Том 24. Мой принц
— Жутко холодно, жутко! И что за глупая манера не топить печей!
— А пожары лучше, по-вашему? — усмехается панна Ванда.
— Теплее! — хохочет Наташа.
— Господа, кто занят в первом акте, пожалуйте на сцену! — кричит Бор-Ростовский, и его колокольчик заливается на весь театр.
Все выходят из уборной, наскоро заглянув в зеркало и оправив свои костюмы. Я же начинаю гримироваться. Времени у меня достаточно. Первая пьеса в трех актах. Потом идет одноактная драма "Нежданный гость", в которой участвую я.

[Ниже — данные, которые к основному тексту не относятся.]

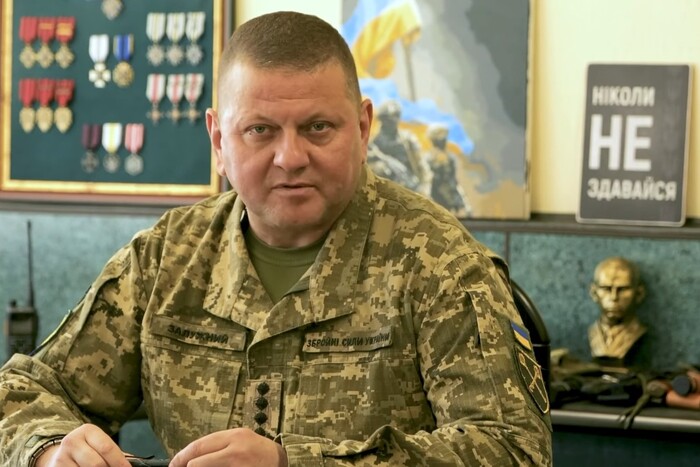 Користувачі соцмереж детально дослідили інтер'єр кабінету Залужного. Фото: скріншот із відео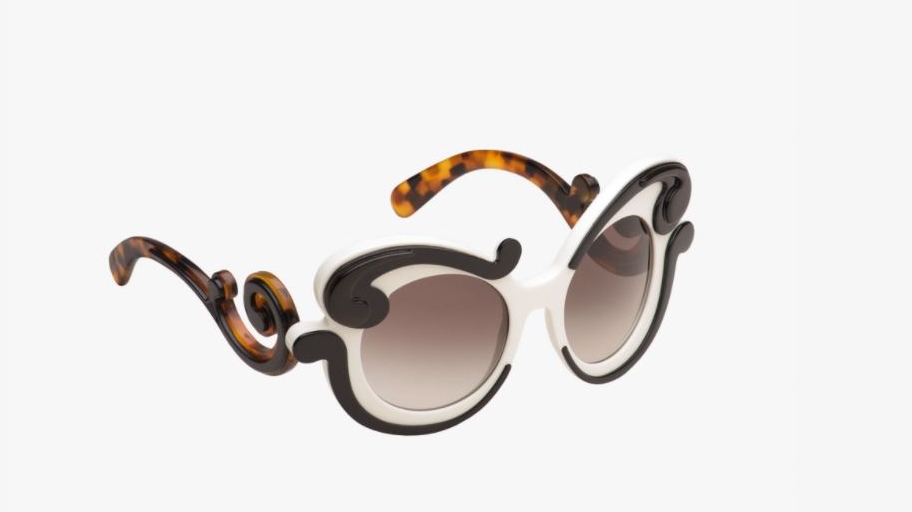 Occhiali da sole Prada: i modelli da donna per l'estate 2017 [FOTO] - My  Luxury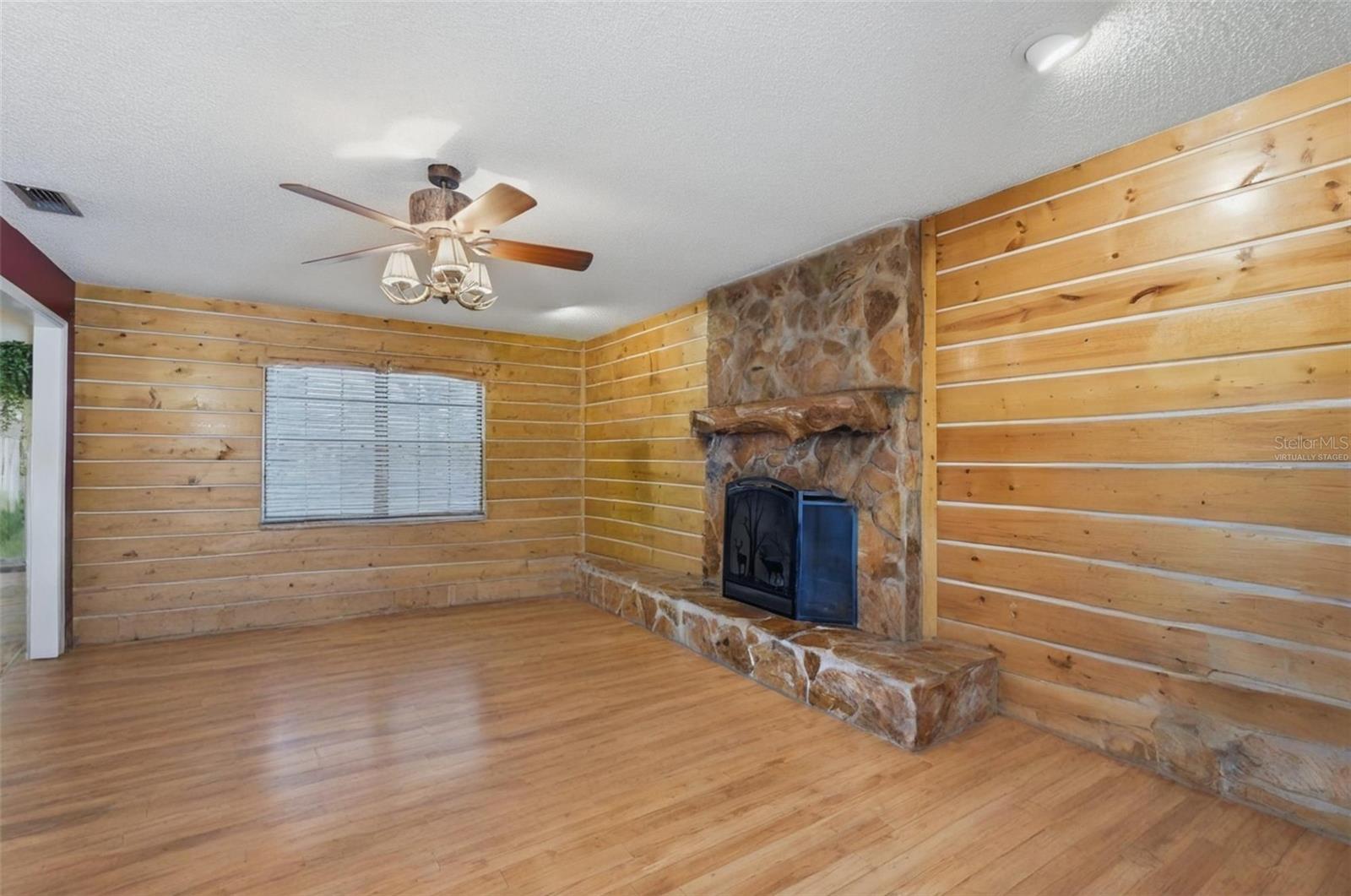 Image 9 of 70 For 2911 Walker Road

Еще недавно я участвовала в любительских спектаклях в милом Царском с моим рыцарем Трумвилем, полковыми его товарищами и знакомыми барышнями и дамами. Но веселый, бесплатный любительский спектакль, где судьями и ценителями являются свои же родственники и знакомые, ничто в сравнении с этим «настоящим» театром, с настоящей публикой, которую необходимо захватить своею игрою, подчинить себе, заставить поверить в искренность переживаний артиста.
Закончив гримироваться и одеваться при помощи «пороховской» горничной, как манекен, с похолодевшими конечностями, подхожу к зеркалу и смотрю на свое преобразившееся лицо, с удлиненными глазами, бледными щеками и заалевшим ртом. Вздрагивают черные насурмленные черточки бровей, вздрагивают губы.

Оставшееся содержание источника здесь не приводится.